But Goldberg-Polin is not writing for those who want the inside details of a national trauma. The story of Oct. 7, including the massacre at the Nova music festival Hersh attended, takes up only a few pages, just enough to orient the reader. Instead, she envisioned the book as a reflection on the enduringly universal.

“This book is about the human experience of suffering and pain and mourning and grief and loss. And I think the backdrop doesn’t really matter,” she said.

Anyone who has been laid low by grief will recognize Goldberg-Polin’s discomfort at being hugged, difficulty remembering to eat and sleep, or need to retreat into private when publicly sympathies become overwhelming.

But as a longtime Jewish educator who taught courses on Jewish death and mourning practices prior to Oct. 7, Goldberg-Polin offers particular insights from Jewish tradition. (She was just Rachel Goldberg then, before adopting her children’s hyphenated surname to bring the family closer together during Hersh’s captivity.)

In the moments after learning that Hersh had been killed by his captors, just hours after her visit to the Gaza border, she writes that everything she had ever known had evaporated. A rabbi taught her to rend her clothes, a symbolic act that Jews traditionally undertake when learning of the death of a parent, child, spouse or sibling. She got through the funeral and seven-day shiva period almost on autopilot, then embarked upon 11 months of reciting the Mourner’s Kaddish daily for her son. When it came time to Judaism’s official mourning period, she was distressed.

“I am not sure how to put together words to explain how much I did not want to do this. Any of it. But time is unrelenting, even obnoxious,” she writes. She says the milestone was made easier because she marked it without fanfare with her husband and two daughters, Hersh’s younger sisters, in a small synagogue on Cape Cod, alongside members of the Diaspora that had been so supportive throughout the family’s ordeal.

Nine months after that point, Jewish ritual retains both comfort and cruelty for Goldberg-Polin. The Yizkor memorial prayer recited four times a year in synagogues, she said, made her feel resentful: “Every single second of my life is active Yizkor.” At the same time, she also looks forward to thanking God each morning for breathing life into Hersh, reciting a prayer to that effect both in Hebrew and in English, the language in which she is most comfortable.

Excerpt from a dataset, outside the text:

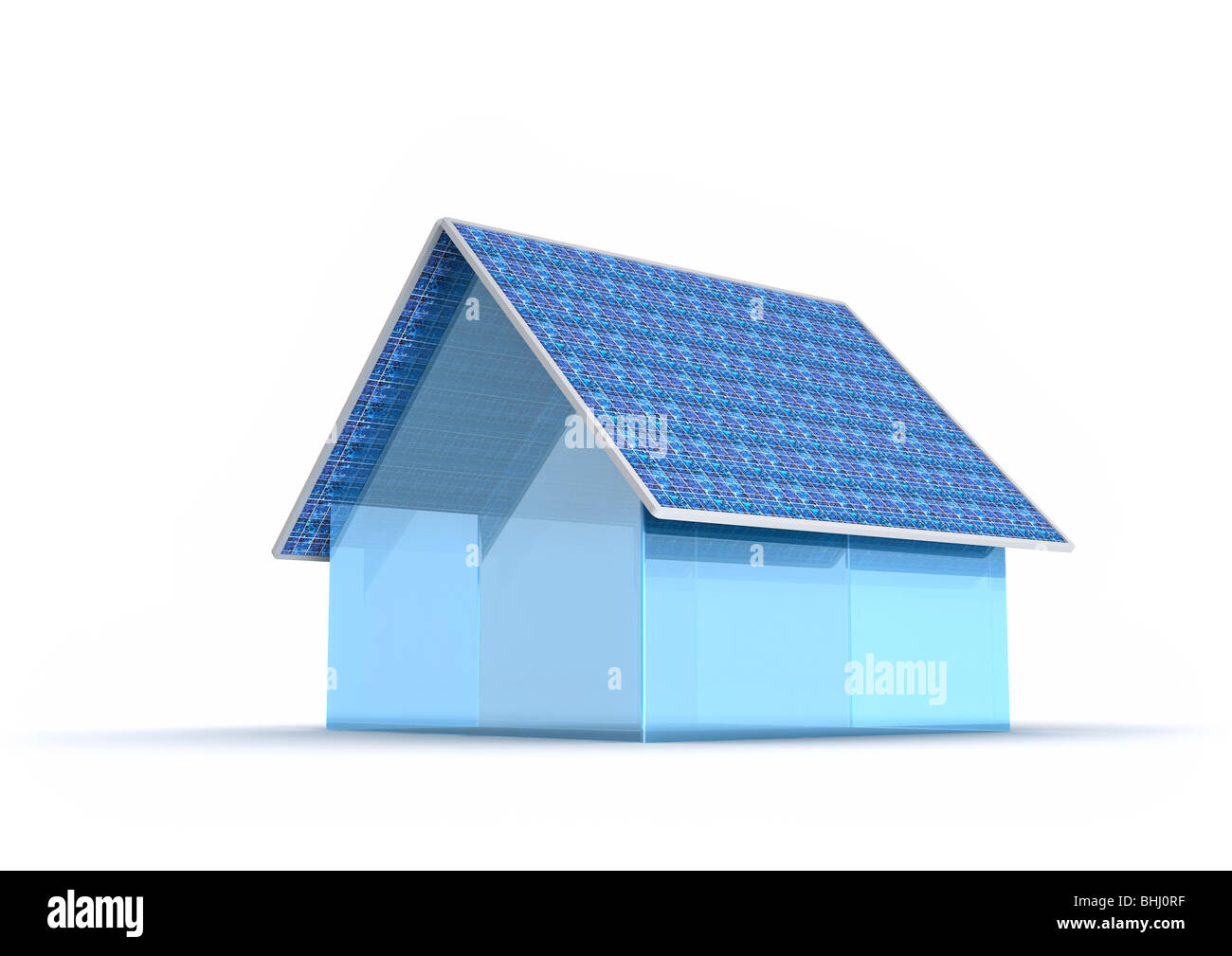 Energia solare House - Solarstrom / Solarhaus Freisteller Foto Stock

“I say: The soul you gave Hersh, you created it, you formed it, you breathed into it, you guarded it while it was within him, and one day you did take it from him,” she recounted. “But I’m so thankful that it is here. I know it’s here. It’s just different.”

In the near future, Goldberg-Polin indicated that the family could seek to transform its trauma into action, though she declined to offer details beyond rejecting the idea that she might enter politics in Israel. “Stay tuned,” she said, “because there are things marinating.”

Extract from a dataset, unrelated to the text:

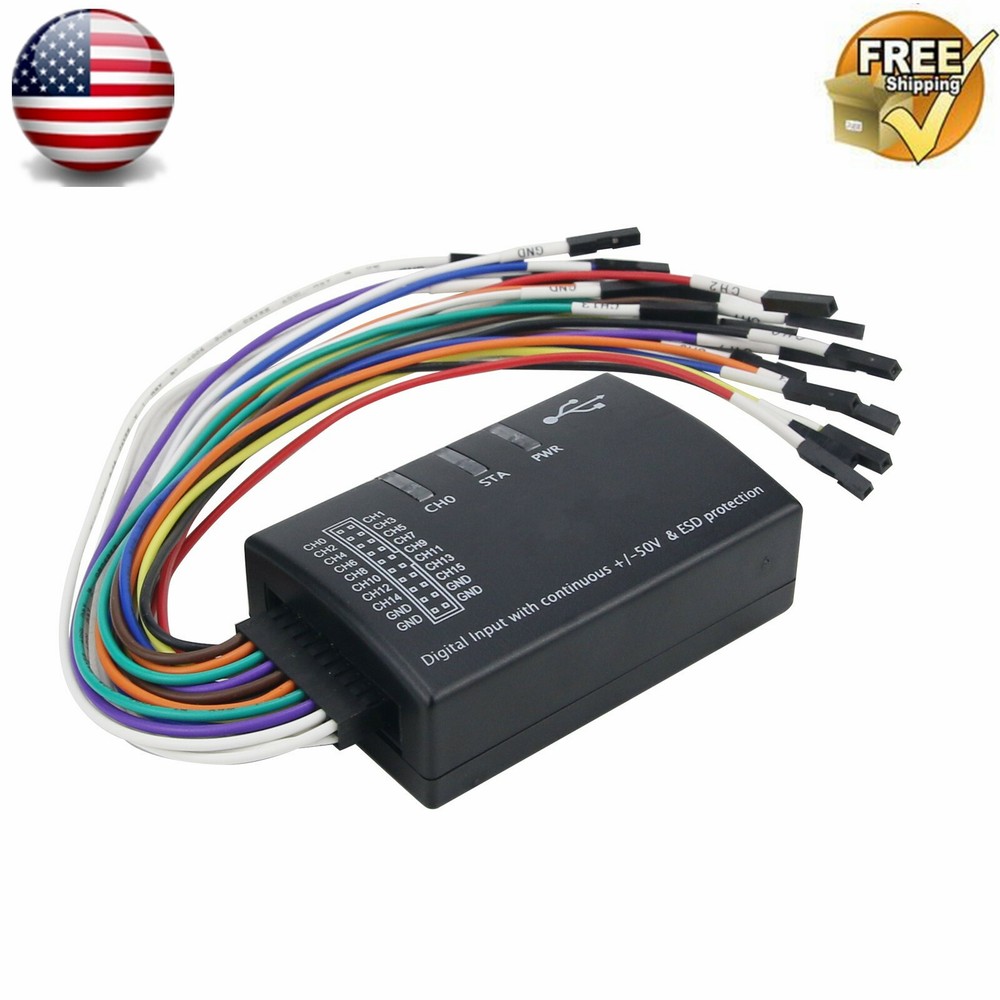 Mini 16 Logic Analyzer USB 100M Max Sample Rate 1.1.34 Support 1.2.10 Software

A few things she does know for sure: She’ll keep writing, the words pouring out as she traverses the uneven, treacherous terrain of a lifetime of grief. And she won’t read “When We See You Again” a second time.

“I read it once under duress, as fast as I could, and then I had to record it for the audio version, which was horrific. And that’s it,” she said, adding that when an early copy arrived at her home, she didn’t even open it.

What Goldberg-Polin will do is talk about it, sharing the pain that spills from its pages with national television audiences — her story was recently featured on “60 Minutes” and “Good Morning America” — and sold-out crowds in synagogues across the United States.

“I have no idea if this is going to be the worst mistake ever, or if it’s going to somehow bring some sort of alleviation of the buckling of the weight of my soul that I was suffering from,” she said of her decision to write this book. “I really just felt like I couldn’t shoulder that weight alone anymore.”